Top of RECORD EXCERPTS

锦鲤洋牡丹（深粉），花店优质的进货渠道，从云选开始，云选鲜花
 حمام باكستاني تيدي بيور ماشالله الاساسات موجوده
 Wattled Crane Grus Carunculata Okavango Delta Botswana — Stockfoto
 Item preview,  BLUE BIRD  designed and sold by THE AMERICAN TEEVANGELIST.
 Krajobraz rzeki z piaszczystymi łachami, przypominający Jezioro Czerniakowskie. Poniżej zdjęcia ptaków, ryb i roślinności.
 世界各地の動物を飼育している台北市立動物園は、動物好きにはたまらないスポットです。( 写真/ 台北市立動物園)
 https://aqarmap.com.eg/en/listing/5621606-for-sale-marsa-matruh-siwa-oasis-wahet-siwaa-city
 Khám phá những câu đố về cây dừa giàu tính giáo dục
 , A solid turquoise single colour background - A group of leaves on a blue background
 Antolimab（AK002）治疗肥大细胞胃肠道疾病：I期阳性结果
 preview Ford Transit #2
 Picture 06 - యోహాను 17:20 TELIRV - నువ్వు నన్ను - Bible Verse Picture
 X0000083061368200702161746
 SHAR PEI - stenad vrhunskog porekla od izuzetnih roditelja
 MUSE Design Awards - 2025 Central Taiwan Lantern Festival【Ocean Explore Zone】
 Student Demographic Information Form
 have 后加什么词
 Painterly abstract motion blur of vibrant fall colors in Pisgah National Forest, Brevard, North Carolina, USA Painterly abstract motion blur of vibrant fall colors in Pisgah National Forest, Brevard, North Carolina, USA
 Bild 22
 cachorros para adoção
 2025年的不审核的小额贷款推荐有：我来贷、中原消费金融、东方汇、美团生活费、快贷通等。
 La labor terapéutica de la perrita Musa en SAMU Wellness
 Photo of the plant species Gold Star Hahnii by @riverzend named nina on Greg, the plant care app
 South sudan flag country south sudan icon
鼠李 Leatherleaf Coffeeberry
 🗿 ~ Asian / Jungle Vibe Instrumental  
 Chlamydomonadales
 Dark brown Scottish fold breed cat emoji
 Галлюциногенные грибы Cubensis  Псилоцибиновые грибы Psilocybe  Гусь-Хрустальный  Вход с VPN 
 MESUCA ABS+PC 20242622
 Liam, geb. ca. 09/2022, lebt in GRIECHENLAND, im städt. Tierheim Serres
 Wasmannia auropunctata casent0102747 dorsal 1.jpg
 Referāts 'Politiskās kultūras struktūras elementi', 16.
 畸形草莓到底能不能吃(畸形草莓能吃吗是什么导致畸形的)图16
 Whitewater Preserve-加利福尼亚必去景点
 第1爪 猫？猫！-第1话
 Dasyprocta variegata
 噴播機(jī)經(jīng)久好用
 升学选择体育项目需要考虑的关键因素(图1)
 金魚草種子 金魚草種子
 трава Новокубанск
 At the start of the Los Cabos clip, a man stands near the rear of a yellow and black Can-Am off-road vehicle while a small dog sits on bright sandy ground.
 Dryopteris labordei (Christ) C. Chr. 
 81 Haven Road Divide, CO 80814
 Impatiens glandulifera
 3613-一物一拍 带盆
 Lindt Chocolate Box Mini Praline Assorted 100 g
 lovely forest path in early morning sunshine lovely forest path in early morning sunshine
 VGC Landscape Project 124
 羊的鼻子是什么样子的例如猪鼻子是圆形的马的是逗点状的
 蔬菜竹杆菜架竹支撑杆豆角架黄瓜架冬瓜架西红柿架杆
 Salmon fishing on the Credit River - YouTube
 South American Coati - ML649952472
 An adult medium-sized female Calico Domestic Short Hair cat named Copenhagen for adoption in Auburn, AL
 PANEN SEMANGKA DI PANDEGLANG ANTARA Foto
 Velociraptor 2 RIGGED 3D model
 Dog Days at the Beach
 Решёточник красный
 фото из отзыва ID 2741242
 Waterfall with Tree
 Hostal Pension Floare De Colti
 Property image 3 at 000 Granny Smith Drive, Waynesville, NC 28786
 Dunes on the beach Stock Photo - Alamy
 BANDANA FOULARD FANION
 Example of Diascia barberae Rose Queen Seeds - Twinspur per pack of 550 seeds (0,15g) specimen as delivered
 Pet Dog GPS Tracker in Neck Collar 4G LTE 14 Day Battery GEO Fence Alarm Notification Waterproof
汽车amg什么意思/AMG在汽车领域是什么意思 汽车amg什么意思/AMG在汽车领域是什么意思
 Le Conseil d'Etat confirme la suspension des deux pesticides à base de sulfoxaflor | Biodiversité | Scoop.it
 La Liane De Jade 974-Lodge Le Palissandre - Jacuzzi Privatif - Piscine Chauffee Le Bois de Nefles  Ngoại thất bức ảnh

Bottom of RECORD EXCERPTS

ASSIGNMENT: Going through the records above, state how many lines carry "named", with no other text.

RESPONSE TO THE EXERCISE: 2